Although wind farms are generally considered as causing the least disturbance to the environment for energy production, they might be responsible for significant rates of bird and bat mortality through collisions. It is quite a challenge for birds and bats to escape a blade tip spinning at 300 km/h after all! Bats populations are susceptible to local extirpations due to their low reproductive rates.
Reliable estimations of bird and bat mortality rates are required in order to assess the biodiversity impact of the project. Yearly mortality estimates become an important metric for the success of mitigation measures down the road. Estimates are made in 3 steps:
- Routine carcass searches are conducted and all carcasses are documented in detail
- Adjustment factors are determined through experimental studies, to account for surveyor efficiency and carcass persistency
- Results of routine searches are fed into statistical analysis models along with the adjustment factors
Surveyors scan turbine pads and roads for bird and bat carcasses during routine monitoring. Routine monitoring should run for the entire period of the year that the animals are active (beginning of spring through end of autumn in temperate zones) every week and at every turbine.

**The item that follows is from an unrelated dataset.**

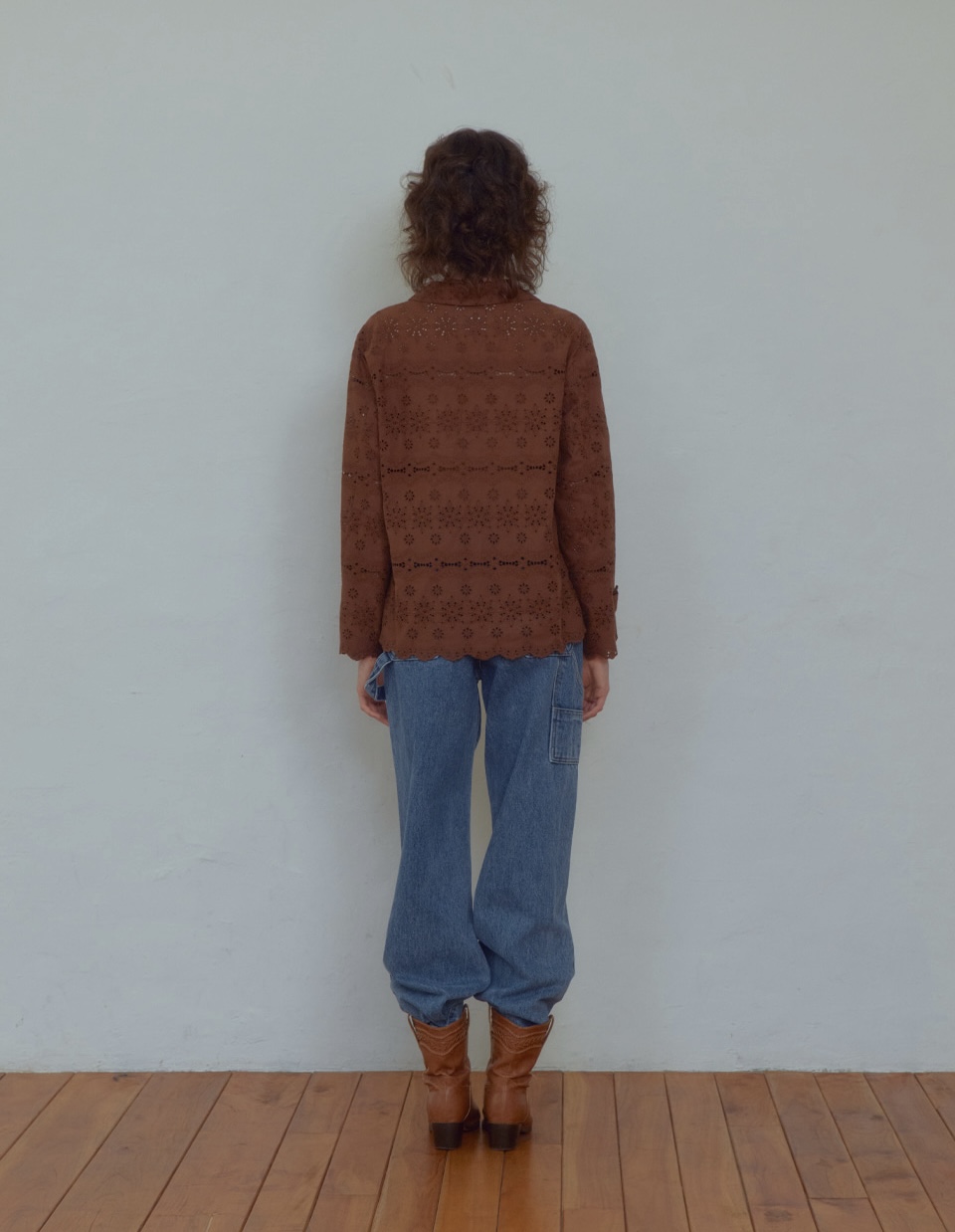 DD01 / Rosalie Lace Open Collar Shirt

Observed number of carcasses represent only a fraction of the actual rate of mortality. At the second step, factors that can influence how many carcasses are observed by the surveyor are determined:
- Many carcasses fall outside the search area and disappear under plant cover
- Surveyors have differing efficiencies in what fraction of the observable carcasses they actually locate
- Carcasses are removed from the environment by scavenger (e.g. fox, crow etc) activity
Routine monitoring and adjustment factor data are analysed using statistical methods approved in international guidelines to arrive at reliable mortality estimates. The final result can be interpreted as the actual rate of mortality for birds and bats at a project site. Mortality estimates can also be made on taxa (bird or bat), time period (season, month, week) and location (turbine) bases. This allows us to get answers for what, where and when questions.
These estimates can help in planning strategies to protect migratory birds.
As for achieving reduction in bat mortality, the most effective method is increasing the cut-in speed of the turbines. Bats prefer to be active during lower wind speeds. This is also when energy production is low. An increase in cut-in speed therefore can have a significant impact on bat mortality while also keeping the effect on energy production low.
Additionally, bat detectors placed at nacelle height are able to be integrated into the SCADA systems and can get triggered only when there is high bat activity. Smart detector systems can keep production losses low.